The New York Times has filed a lawsuit against OpenAI and Microsoft, alleging copyright infringement for using published news articles to train their artificial intelligence chatbots, specifically ChatGPT and Copilot. The lawsuit, filed in a Federal District Court in Manhattan, is the first instance of a major news organization pursuing developers of AI chatbots for copyright infringement.
The New York Times did not specify a monetary amount in the lawsuit but stated that it aims to hold OpenAI and Microsoft accountable for both statutory and actual damages, potentially amounting to billions of dollars. The claim asserts that the companies, by using the NYT’s published content without licensing agreements, are attempting to benefit from the newspaper’s substantial investment in journalism. The lawsuit points out that Nytimes was the most utilized proprietary source for training GPT-3.
The lawsuit contends that more than 66 million records, encompassing breaking news articles to op-eds, published on the New York Times websites and affiliated brands, were utilized to train the AI models developed by OpenAI and Microsoft.
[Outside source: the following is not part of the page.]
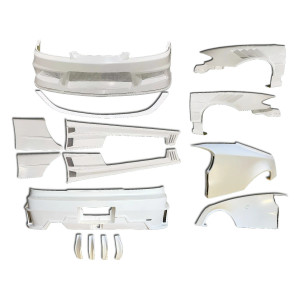 FRP DMA RS Wide Body XL Kit > Nissan Silvia (S15) 1999-2002 - image 1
The claim alleges that the defendants have employed “almost a century’s worth of copyrighted content,” leading to significant financial harm to the New York Times.
Furthermore, the lawsuit asserts that the products developed by OpenAI and Microsoft, namely ChatGPT and Copilot, can “generate output that recites Times content verbatim, closely summarizes it, and mimics its expressive style.” This aligns with complaints from other individuals, including comedians and authors like Sarah Silverman and Julian Sancton, who have accused OpenAI of profiting from their works without proper compensation.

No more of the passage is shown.